How Ashby Spends Money In District 1

THE NATOMAS BUZZ | @natomasbuzz
When a recent “You Asked, We Got The Answer” article drew criticism about how discretionary funds are used in District One, THE NATOMAS BUZZ made a public records act request for the financials from city Councilwoman Angelique Ashby’s office.
At issue: whether the decision to discontinue the annual Celebrate Natomas event historically held in South Natomas was made in favor of North Natomas programs. According to budget documents, $193,000 was allocated for Celebrate Natomas in 2009.
District One specific funds has included income generated by one wireless tower in South Natomas, one digital billboard off Richards Boulevard along with some discretionary money from the city’s coffers – about $55,000.
The discretionary fund for the 2010-11 fiscal year had already been depleted and the District One labor budget overspent when Ashby took office on Nov. 23, 2010, said Michelle Kille, Director of Public Policy for District One.

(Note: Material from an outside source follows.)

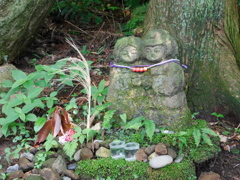 神奈川県鎌倉市~布張山05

Then city manager Gus Vina partially restored the fund for Ashby. But when the city council decided to funnel wireless tower and digital billboard income back into the General Fund – 60 percent of District One’s discretionary money went, too.
Instead of hosting Celebrate Natomas, Ashby decided to spend money in District One.
Documents provided by Ashby’s office show District One has spent $28,528.57 between Nov. 23, 2010 and today. The expenditures include donations to community organizations, youth athletics, events and more in Natomas, the River District, downtown Sacramento, and Gardenland-Northgate.
We receive hundreds of donation requests a week,” Kille said. “Some are done in partnership with other council members.”
The single, largest expenditure was on the Summer Oasis day camp program which had been cut from the city’s Parks and Recreation Department budget.
She had heard that from constituents there was a lot of need and asked if she could help out and sponsor a summer camp,” said Dave Mitchell, operations manager for city parks and recreation.
Mitchell said Regency Park was selected for the Oasis Program because previous summer day camps at that location had reported the highest attendance in the area. Ashby’s office donated $8,000 to pay for the camp and sought a donation from Allegheny Properties to help cover the rest. Registration for the Oasis Program, which had 140 participants, was open to the public, Mitchell said.
A parks and recreation summer camp was also held at the South Natomas Community Center.
Said Mitchell, “Our South Natomas program topped out at about 80 kids.”